Indeed, when reading Judge Bernstein's opinion, it is difficult to imagine that the result would have been much different if Fargo's bondholders had been able to file a Chapter 15 petition against Fargo. The US bankruptcy court would likely have recognized the Argentine concurso as a "foreign main proceeding,"[v] and it would have deferred to the concurso for all matters except, perhaps, those matters related specifically to assets of Fargo in the United States.[vi] Since Fargo's US assets appear to have been minimal, a hypothetical ongoing Chapter 15 case for Fargo may have had little more substantive effect than what actually happened--the dismissal of the Fargo bondholders' involuntary Chapter 11 petition and no continuing US proceeding.[vii] But, the bondholders may have still preferred some proceeding in which a US court might address the perceived inequities of the Argentine concurso--even a proceeding under Chapter 15--to no US proceeding at all.
The Bottom Line
Chapter 15 and its underlying principles are generally consistent with, and may influence, the way bankruptcy courts in the United States evaluate involuntary Chapter 11 petitions filed by bondholders against foreign debtors with limited US contacts, even when no Chapter 15 case is pending. Sustaining a cross-border involuntary Chapter 11 case has been difficult in the past, and the enactment of Chapter 15 is not likely to make sustaining such a case any easier moving forward.

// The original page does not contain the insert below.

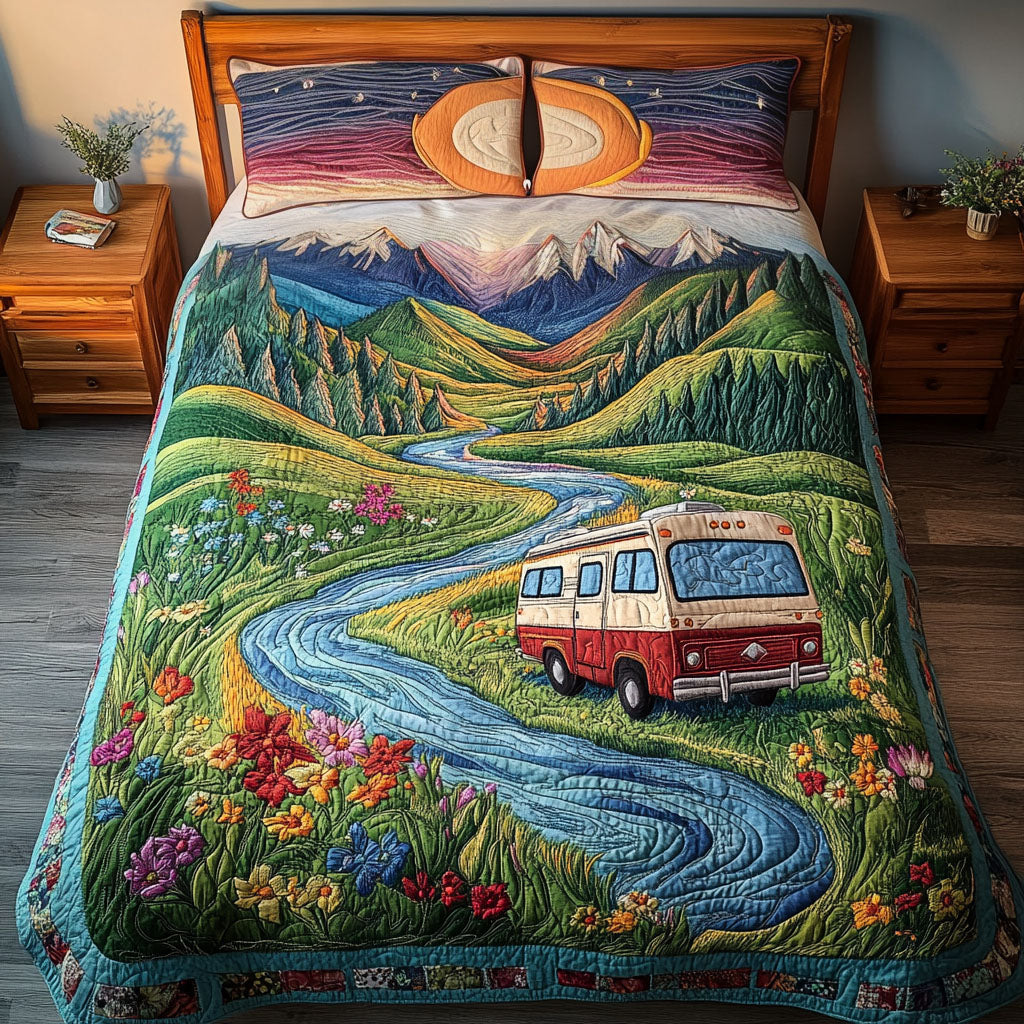 Wild Roadster Quilted Bedding Set Best Bed Sheet Set Best Gifts For Hippie Mom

[i] In re Compañía de Alimentos Fargo, S.A., Memorandum Decision Granting Motion to Dismiss the Involuntary Petition, Involuntary Chapter 11 Case No. 06-12128 (SMB) (Bankr. S.D.N.Y. October 15, 2007).
[ii] WilmerHale represented the secured bondholders in the Satmex involuntary Chapter 11 filing, which was aggressively opposed by the debtor and resulted, as a settlement, in the filing of a Section 304 ancillary proceeding.
[iii] 11 U.S.C. § 1502(5) defines "foreign main proceeding" as a foreign proceeding pending where the foreign debtor has its center of main interests.
[iv] If Chapter 15 had applied, abstention under Section 305(a)(2) or (b) of the US Bankruptcy Code-which, unlike Section 305(a)(1), expressly reference Chapter 15 and its purposes-may have been considered in addition to or instead of abstention under Section 305(a)(1).
[v] Based on the facts recited by Judge Bernstein, it is difficult to imagine a court concluding that Fargo's center of main interests was in a jurisdiction other than Argentina, and there is a statutory presumption of that conclusion as well. See 11 U.S.C. § 1516(c).
[vi] For example, the automatic stay contained in 11 U.S.C. § 362 becomes effective upon the Chapter 15 recognition of a foreign proceeding; that stay is limited to the debtor and property of the debtor that is within the territorial jurisdiction of the United States. See 11 U.S.C. § 1520(a)(1).
[vii] Chapter 15 might also have been used to restrict the effects of the Chapter 11 case, had the Chapter 11 case survived. However, that strategy would have worked best if Fargo's foreign representative had sought recognition of the Argentine concurso under Chapter 15 before the involuntary Chapter 11 petition was filed. See 11 U.S.C. § 1528.